Morrus's rant is, quite simply, eye opening.  As a gamer and purchaser of d20 system products, I've long used this site as a way of to determine what products I buy and what to look forward to.  Almost on a daily basis (hurricanes not withstanding), there is some news of interest to look at.  Though I don't normally post too often on the messageboards (and barely can give them a glance with what must be done in a single day), when I have taken a look at them, there is a wealth of information, humor, and help, showing just how large this community is (and though large, yes, WotC still can't boast of the impressive size compared to ENWorld).

What this site is to many of us can't really be expressed in words.  That publishers and game designers (Monte Cook and the others Morrus mentioned not included, of course ) have become what they hated and see ENWorld and the valuable service it provides them only as a service Morrus should have to pay them for is absolutely despicable.  They have forgotten what makes any business, really, the customer, the very people that frequent sites like this.

Morrus has every right to rant on this.  Not only do some countries have laws protecting Free Speech (the U.S. even has a Constitutional Amendment for that purpose) but what these companies have done demands a wider response than just placating them and their fantastically large egos.  They need their eyes opened to just the problem they're creating by not supporting sites like this and further, by overlooking their customers.  That is, simply put, not good business.

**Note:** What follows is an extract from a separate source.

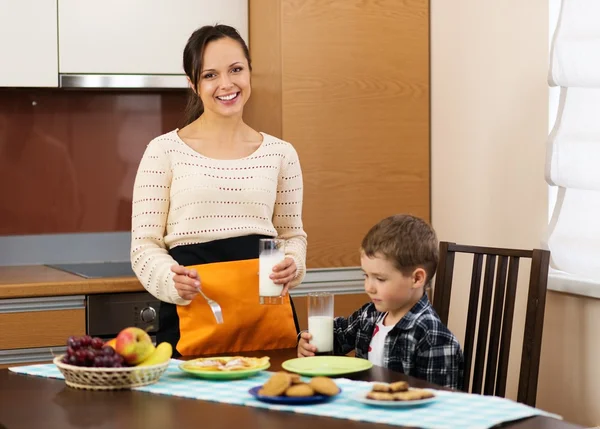 Joven madre feliz y su hijo comiendo un desayuno saludable —  Fotos de Stock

It is the customers who buy the products and customers who continue to buy future products.  Customers buy products based on what others say about them but also based on the company producing it.  I tend to buy WotC stuff simply because, once upon a time, they did put out good products and some still are good.  Yes, they've gone the route of big business, stepping on the little guy and thinking they will always be around, not caring about who's buying their products because they think someone will just because it's them who produced it.  Alienating the consumers through that thinking only ends up causing companies to close down or other drastic measures.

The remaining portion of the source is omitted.